* _What the task asks_:
Please output the lines from the one with "El Betis cierra" through the end of the data exactly as written, omitting all pictures.

* _Data supplied_:
◇ ◇ ◇ ◇

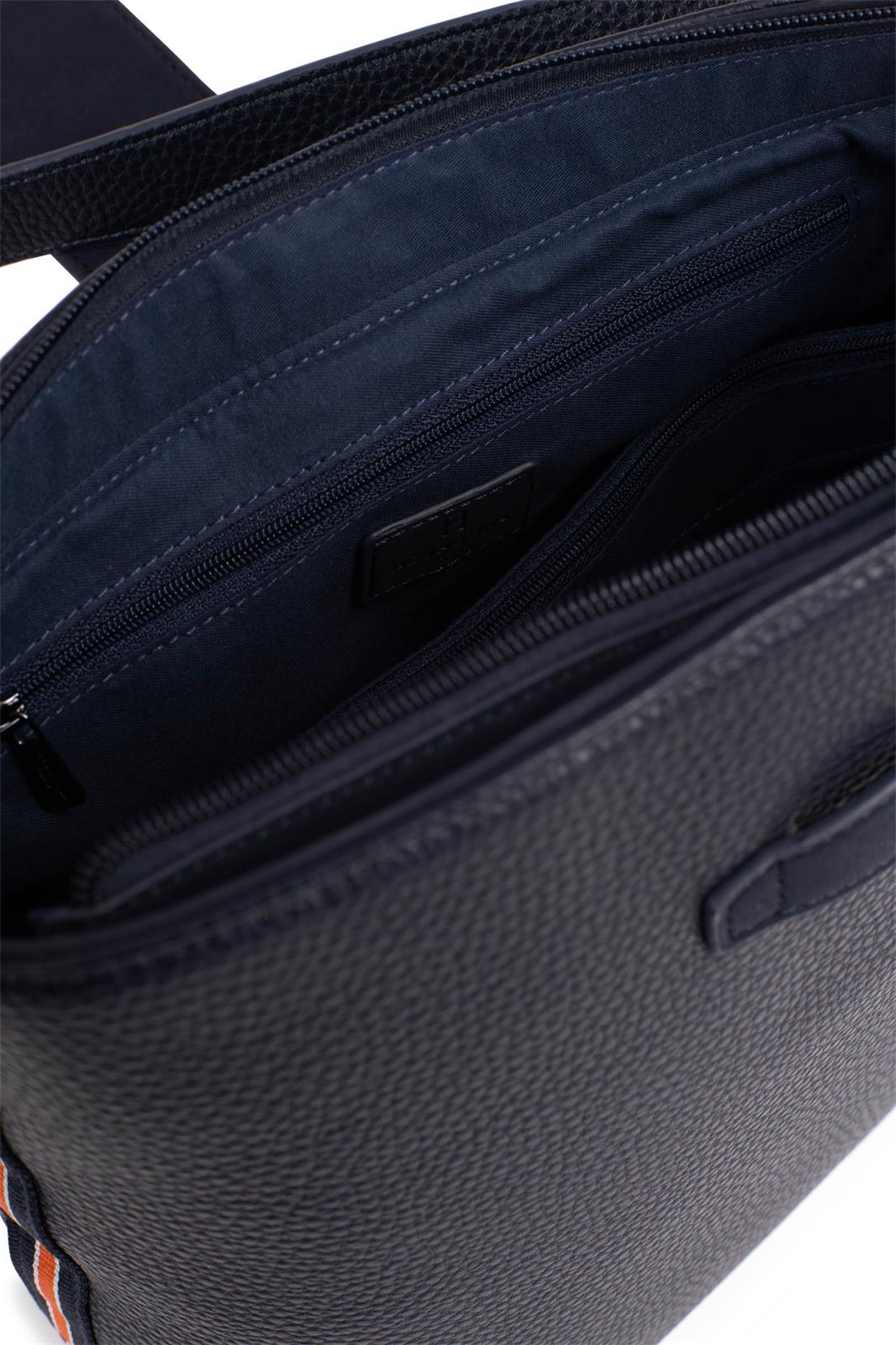 Damenhandtasche - Laure Bags and Travel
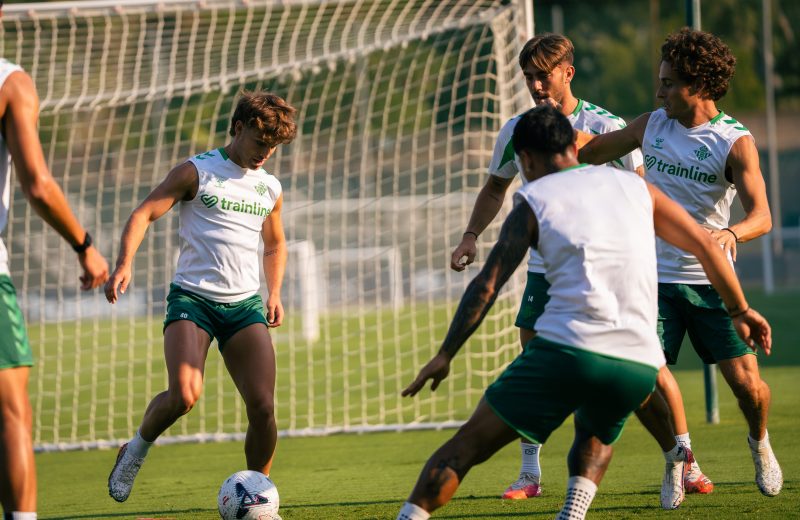 El Betis cierra su pretemporada en Bari con varias bajas por gestionar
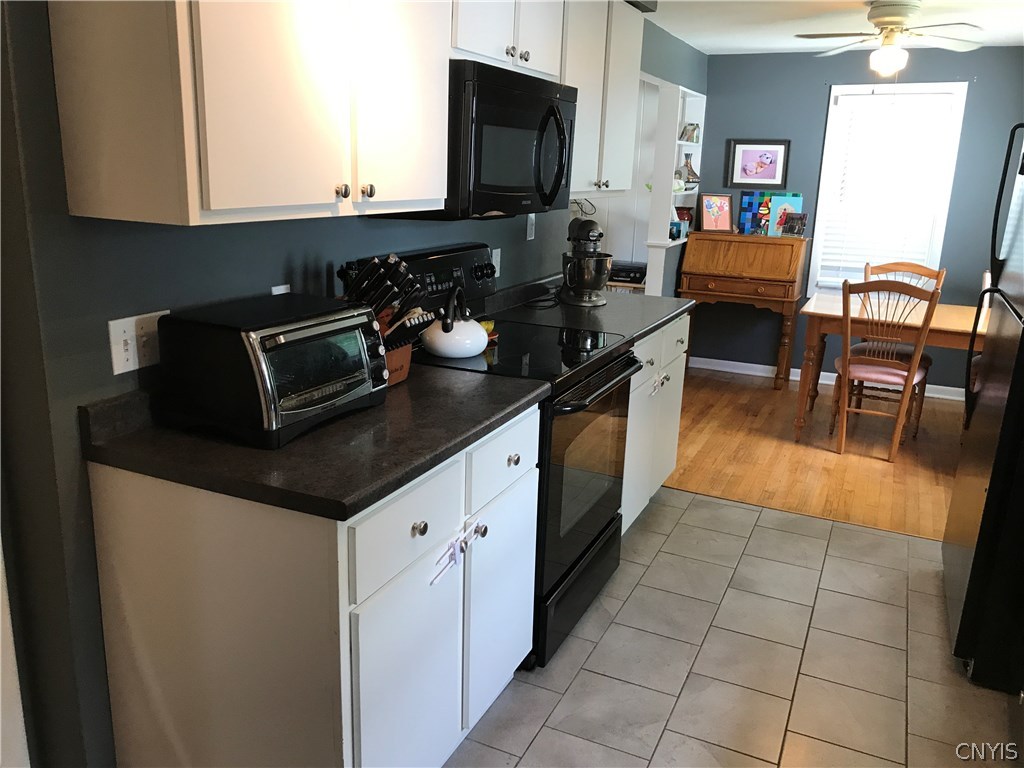 131 Wheaton Road Syracuse, NY 13203 - Photo 10 of 20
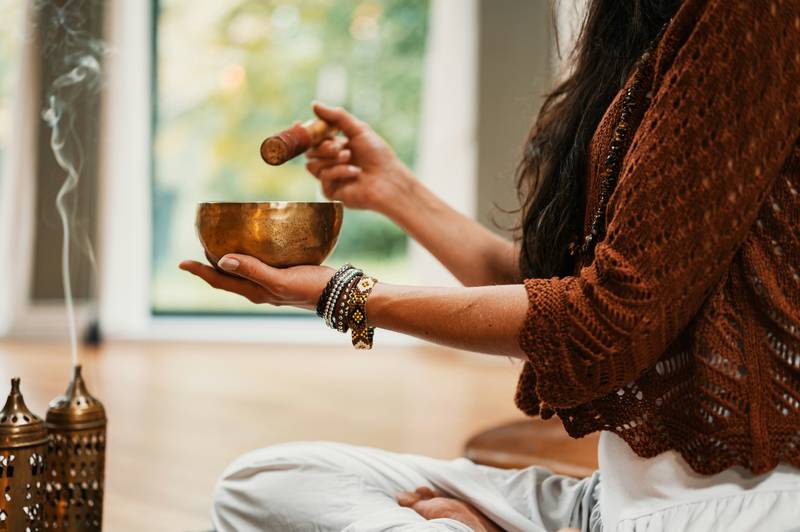 Copo de água com limão servindo como detox natural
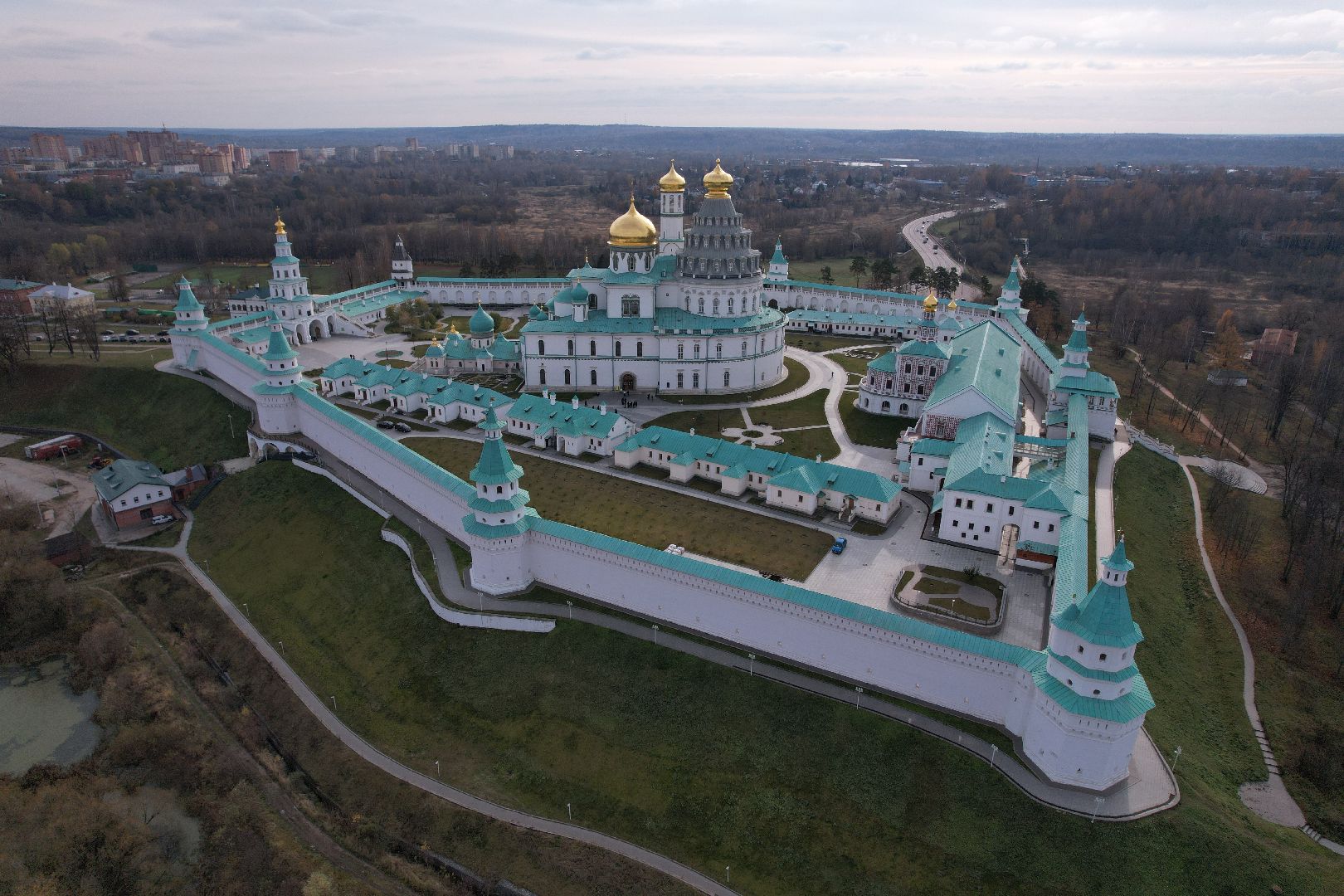 видео с коптера, Истра, монастырь,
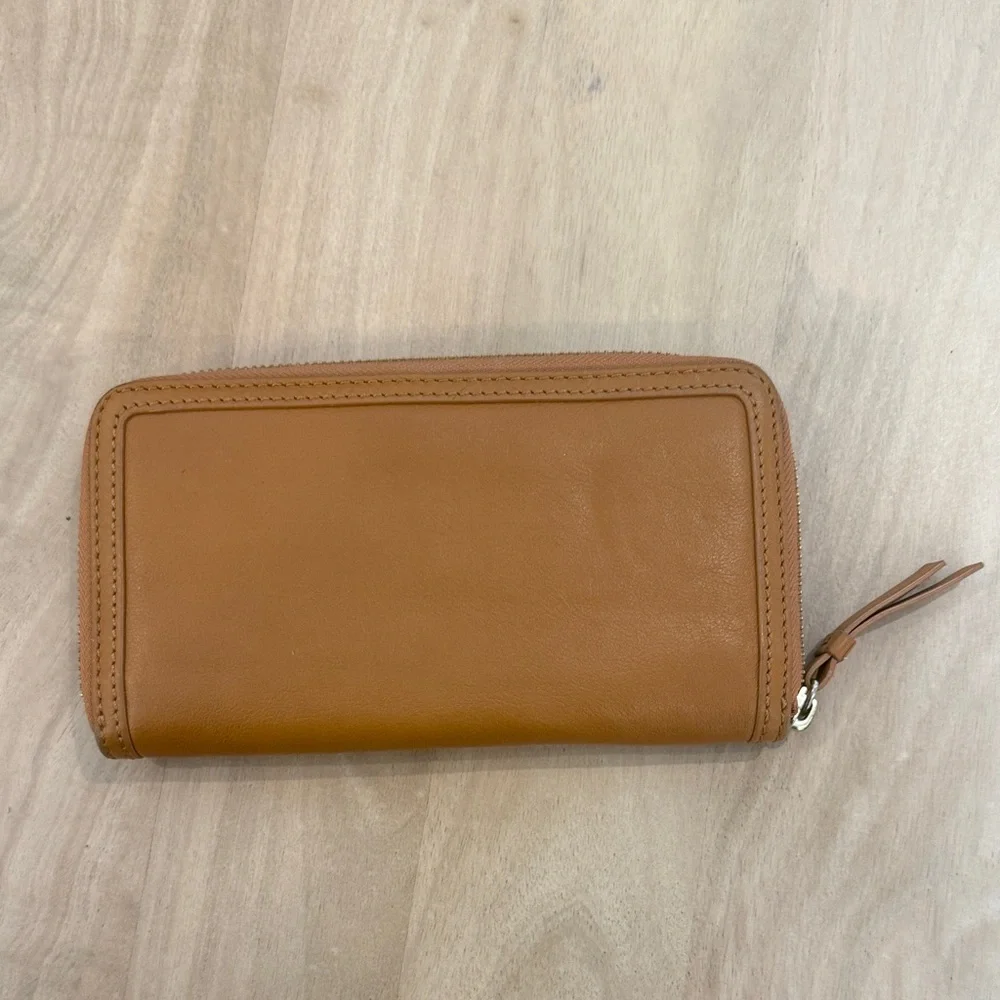 Tory Burch Zip-Around Wallet - Picture 2 of 5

◇ ◇ ◇ ◇

* _Response box_:
 El Betis cierra su pretemporada en Bari con varias bajas por gestionar
 131 Wheaton Road Syracuse, NY 13203 - Photo 10 of 20
 Copo de água com limão servindo como detox natural
 видео с коптера, Истра, монастырь,
 Tory Burch Zip-Around Wallet - Picture 2 of 5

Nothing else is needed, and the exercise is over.